Sitting on the tatami in his cozy home not far from a bucolic creek in Kyoto, Mr Fushimi Muka, a scholar on Chinese culture, played the classic piece for about eight minutes, and I could “see” with my mind’s eye what the composer had in mind: the elegant rise and fall of a legendary dragon through nature’s vicissitudes.

As Swedish sinologist Cecilia Lindqvist believes, Chinese guqin music patently reflects Chinese scholars’ preference to treat man as one with nature, not above it. Indeed, for thousands of years since Confucius allegedly composed the earliest known guqin melody “Orchids,” Confucian scholars had played the instrument not to please their ears, but to purify their minds from desires and achieve inner peace. In the case of “Night Rain on a Deep River,” a player is supposed to succeed in “acting out” a dragon at ease with nature, not in presenting a dragon disturbing the river or clouds.

Cultivating rightful mind

Guqin was listed as a world intangible heritage in 2003. My wife and I began to learn guqin 10 years ago. But over the years we have seen too many Chinese guqin players who would treat the instrument as if it were a guitar or pipa — good to hear but devoid of what guqin was made for.

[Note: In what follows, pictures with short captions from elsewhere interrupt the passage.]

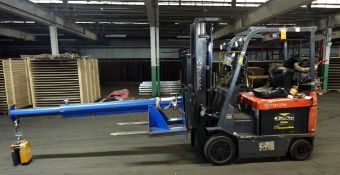 Toyota electric forklift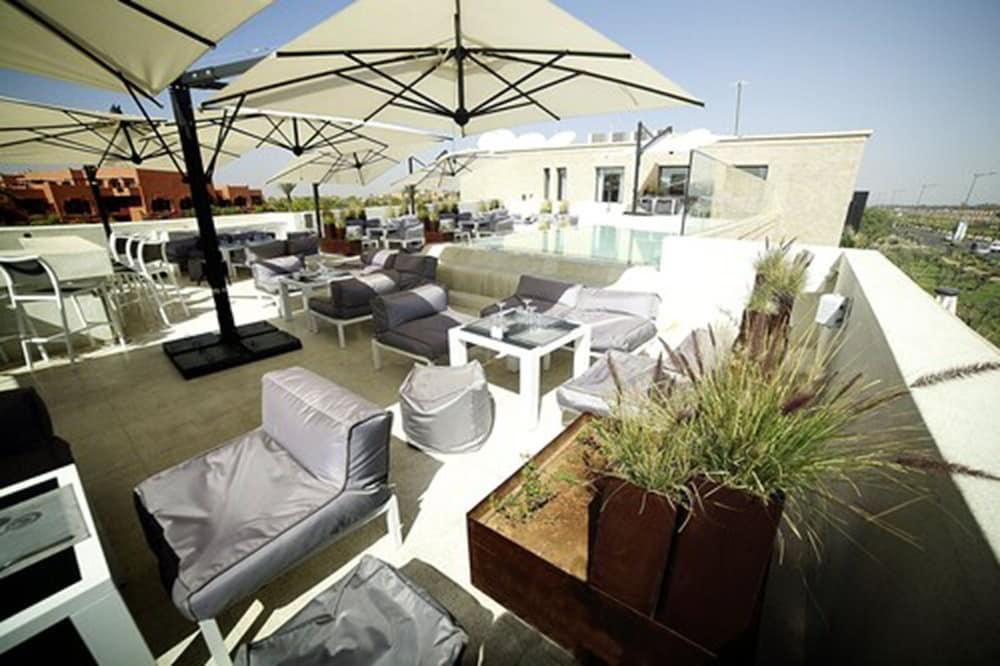 세사르 리조트 앤 스파 마라케시 외부 사진 The rooftop terrace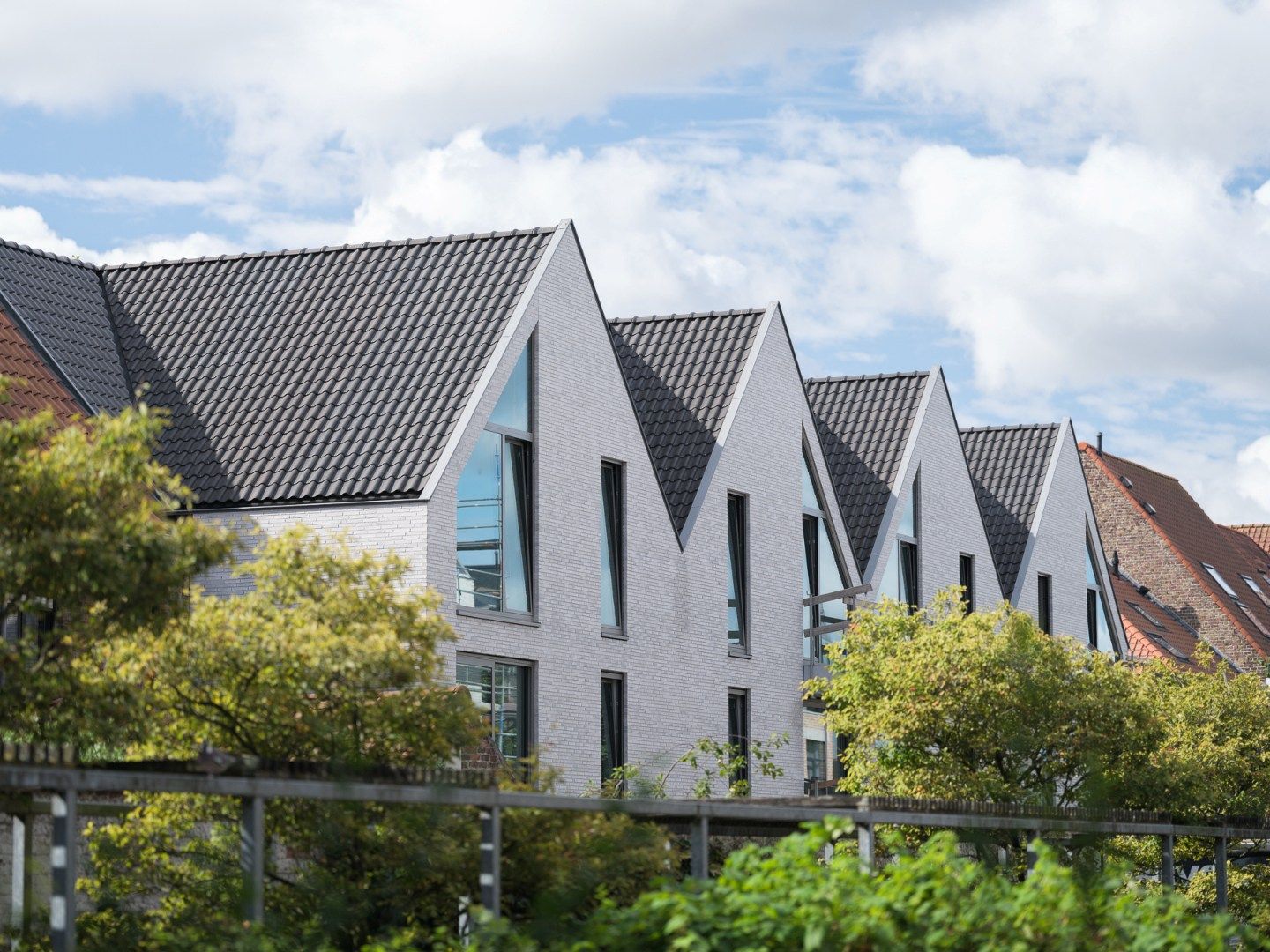 Nieuwbouwappartementen langsheen het water te Kristus-Koning (Brugge) foto 5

In a classical Chinese dictionary compiled more than 2,000 years ago, qin (the ancient name for guqin) was defined as something to cultivate a rightful mind against mundane distractions, including addiction to worldly pleasures.

Before my wife and I went for a vacation in Kyoto last week, along with some friends from Beijing and Taiwan, I vaguely knew that Japan had a long history of guqin learning, but I knew little about how things stand nowadays.

We randomly searched the Internet and found Mr Fushimi Muka’s e-mail. I wrote him, but got no immediate reply.

A few days later, he replied in a short written message in English, saying he was not proficient in speaking Chinese or English. Anyway, we met on a night a week ago. With the help of a WeChat translation app and our friend from Taiwan who speaks Japanese relatively well, we had a great time appreciating authentic Chinese ancient music flowing from the fingers of a Japanese scholar.

“I learned guqin because I love Chinese culture,” he told us.

In 2018, he visited Suzhou, Jiangsu Province and met local guqin players. In a yaji (refined party) at Yiyuan Garden, he played a guqin song composed in Han Dynasty (202 BC-AD 220). In one photo of his performance he showed us, I spotted my own guqin teacher in the background! My teacher, from Suzhou, also appreciates the Confucian way of performance, that is, being balanced both in body and mind.

“How precious!” Mr Fushimi Muka said, referring to the rare friendship between guqin lovers from Japan and China.

At his home, he showed us a book on the modern history of guqin in Japan, which took his Japanese teacher about 40 years to compile. He specifically pointed to a cross-page illustration of how guqin culture has passed from generation to generation since a great monk in the 17th century brought it from China to Japan.

As a Chinese journalist, I take it upon myself to tell China stories well. I’ve learned from Mr Fushimi Muka that China does have good stories, but for them to spread near and far, a storyteller must understand them well in the first place. In the case of guqin, we should not mistake it for guitar or any other fancy instrument in our misplaced worship of worldly pleasures.